**EXERCISE AIM:** Word for word, quote the lines from the one containing "피그미다람쥐 분양합니다~--2" to the end of the entries below, including both. Leave pictures out.

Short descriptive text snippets
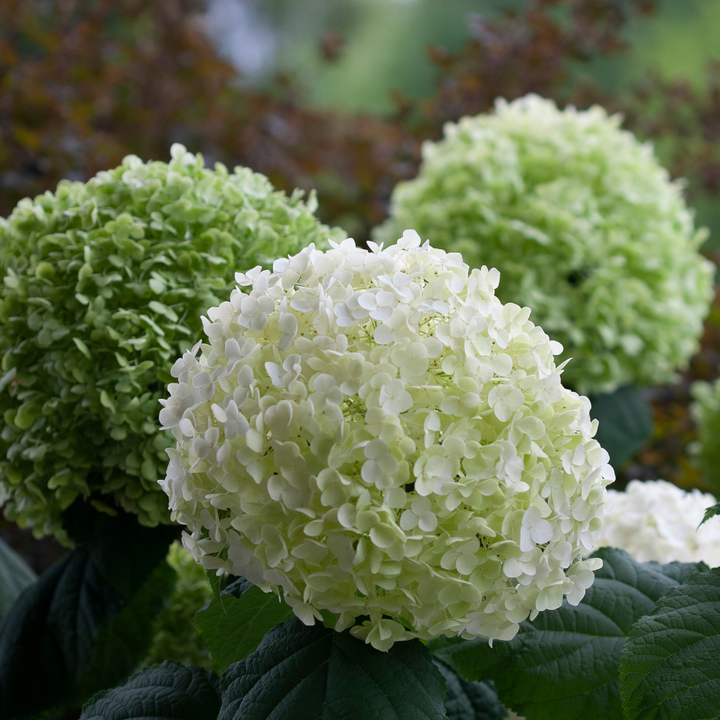 Incrediball® Smooth Hydrangea (arborescens)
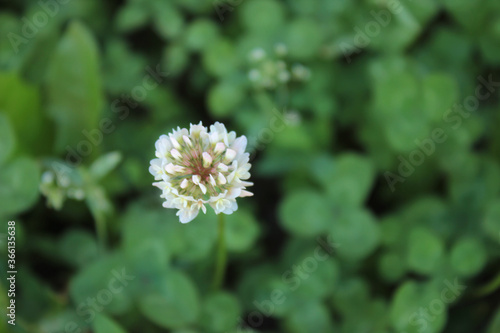 white clover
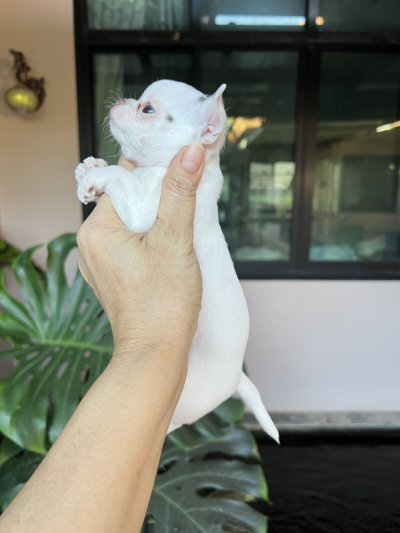 ผู้หญิง ขนสั้น น้องครีม (Cream)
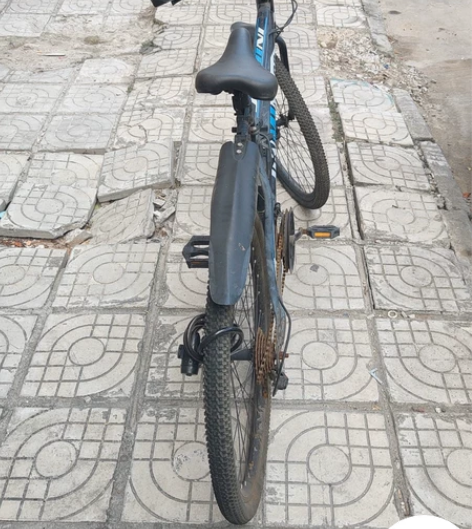 金米尼自行车   很久没起了  需要的自提...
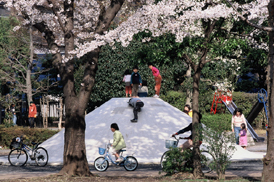 特選「春の歓び」岡本 隆幸／MZ-S・smc PENTAX-FA*80-200mmF2.8ED［IF］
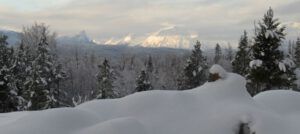 14 gleam of sun (Winter Thaw.)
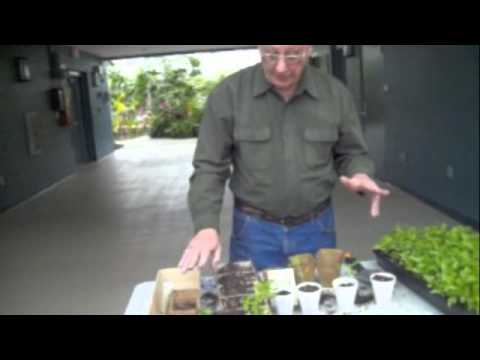 how to transplant lupine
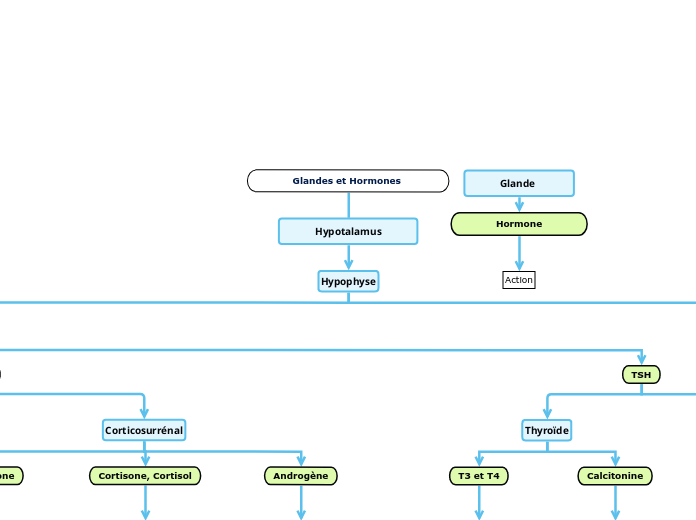 Glandes et Hormones 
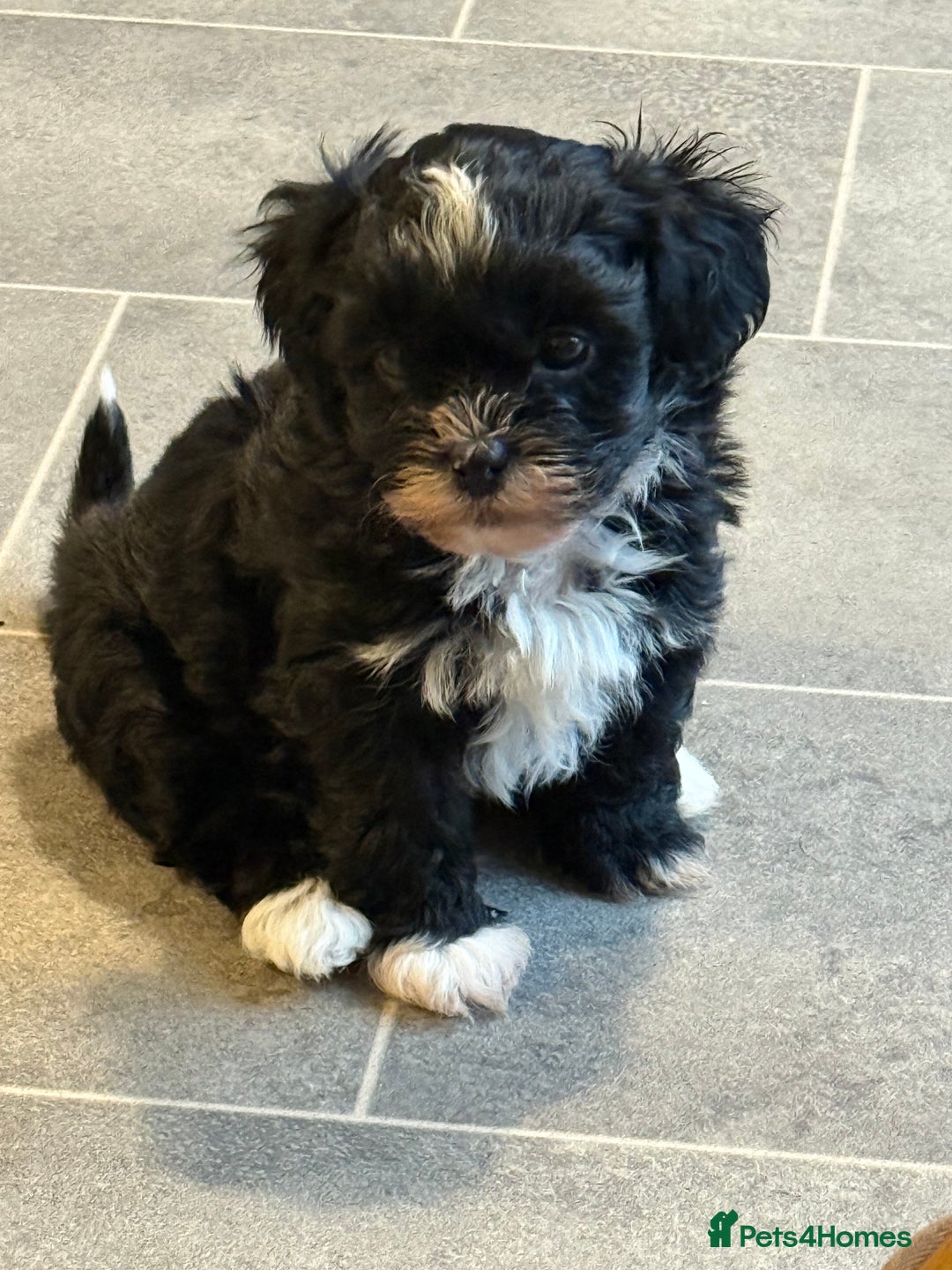 Shihpoo dogs for sale: Gorgeous Shihpoo pups for sale  - Image 3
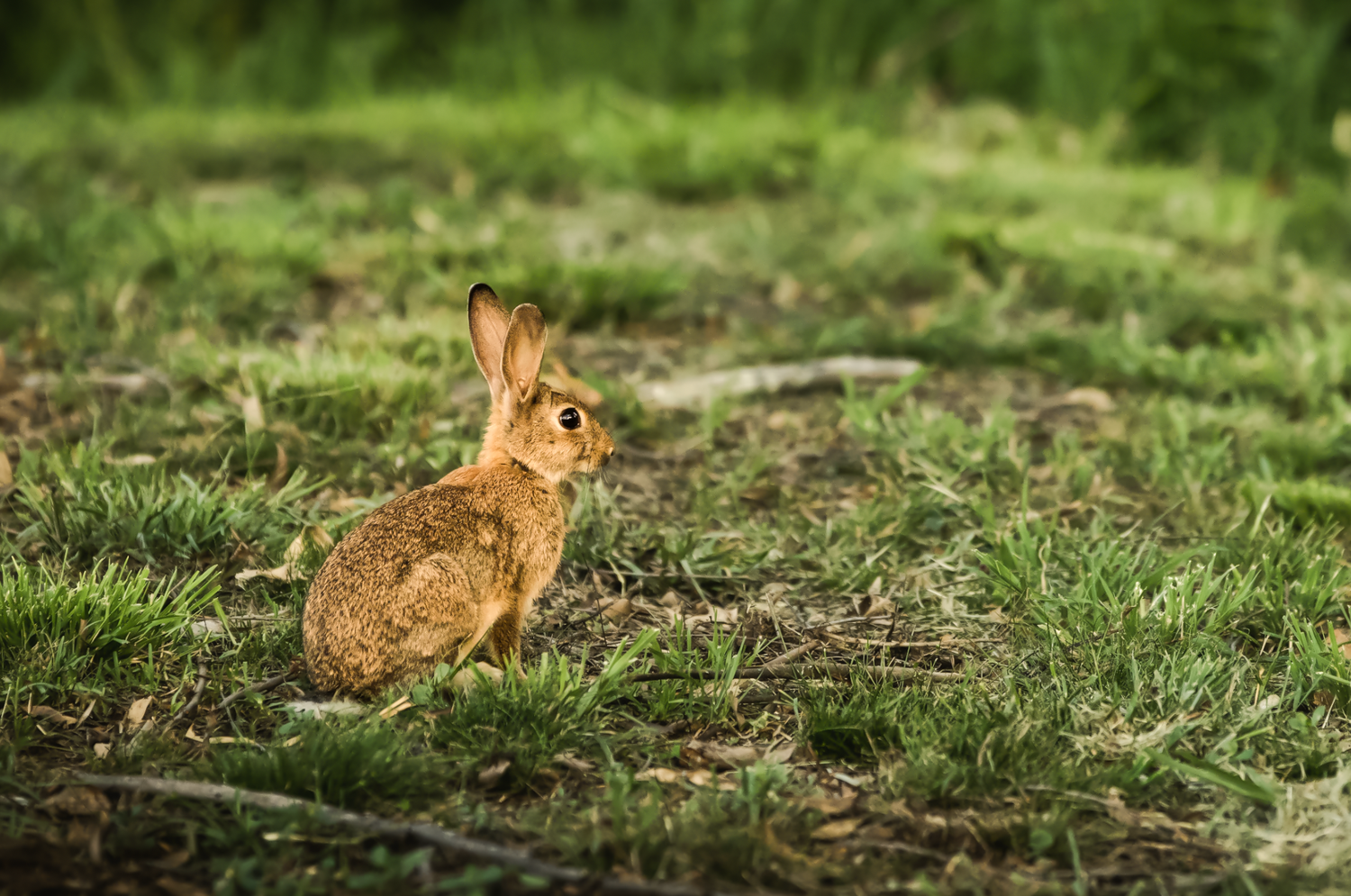 A nature and wildlife photography of brown rabbit sits alert in green grass during golden hour lighting.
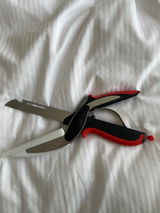 Giorgia L. review photo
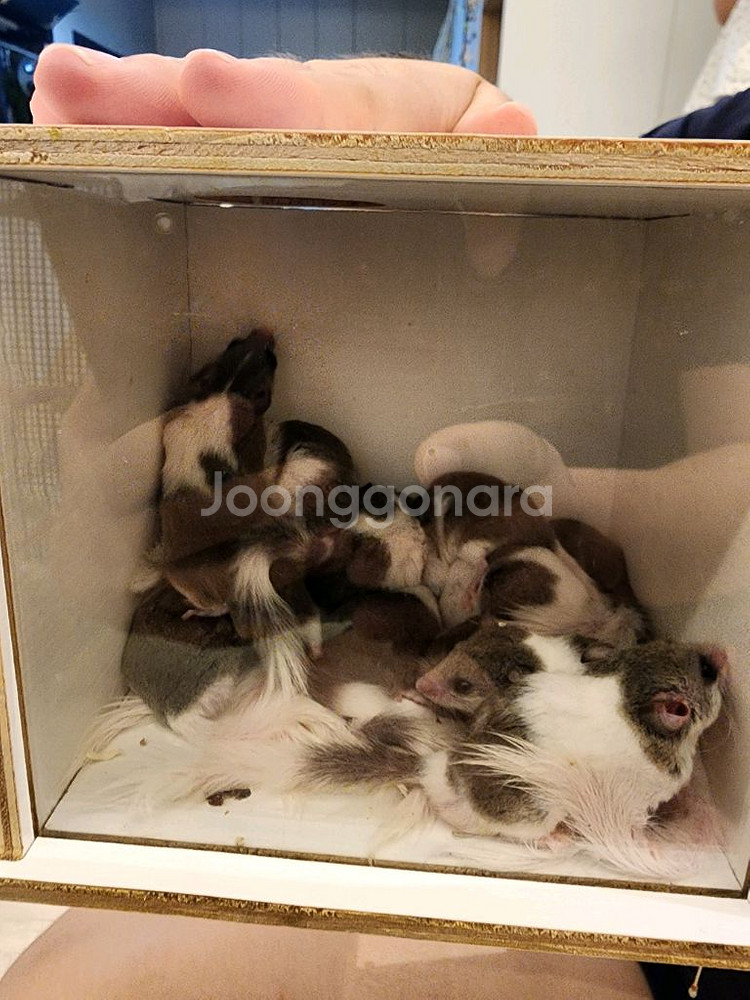 피그미다람쥐 분양합니다~--2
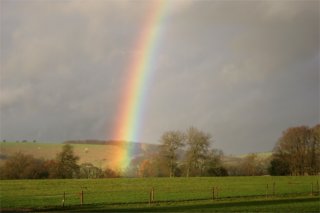 Rainbow ends in a field
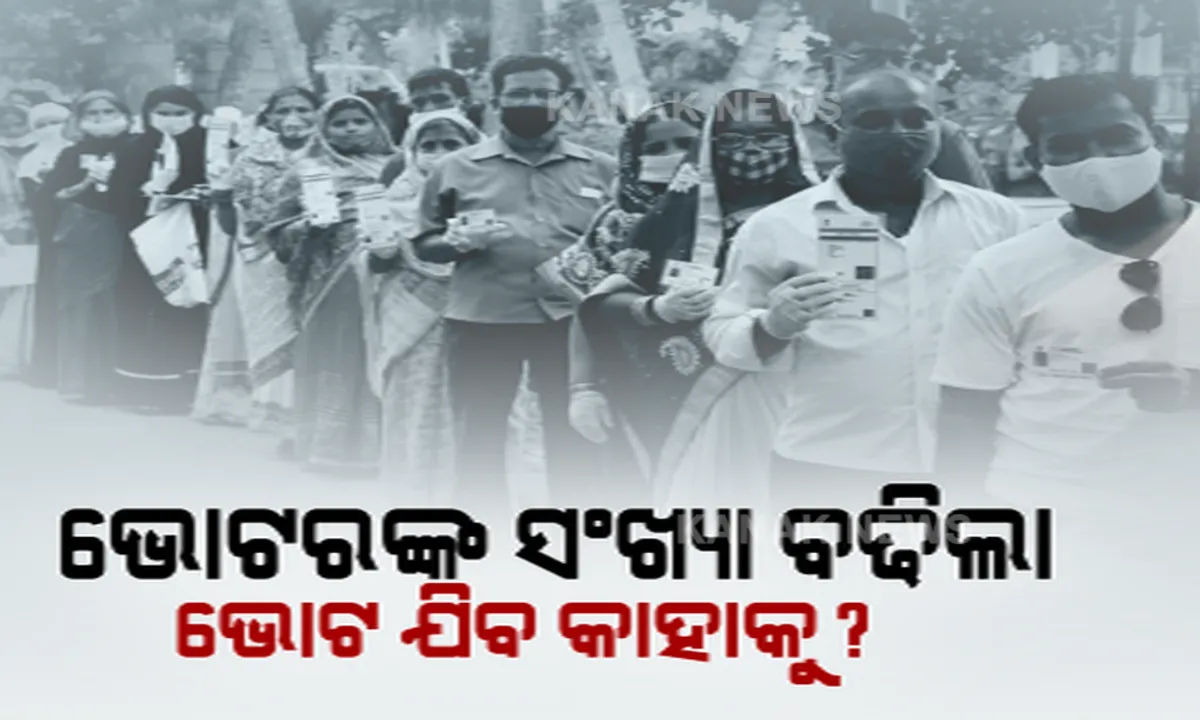  ପିପିଲିରେ କିଏ ମାରିବ ବାଜି? ସାଧାରଣ ନିର୍ବାଚନ ଅପେକ୍ଷା ଉପ ନିର୍ବାଚନରେ ବଢିଲା ଭୋଟ ଦାନ ହାର । 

**RESPONSE TO THE TASK:**
 피그미다람쥐 분양합니다~--2
 Rainbow ends in a field
  ପିପିଲିରେ କିଏ ମାରିବ ବାଜି? ସାଧାରଣ ନିର୍ବାଚନ ଅପେକ୍ଷା ଉପ ନିର୍ବାଚନରେ ବଢିଲା ଭୋଟ ଦାନ ହାର । 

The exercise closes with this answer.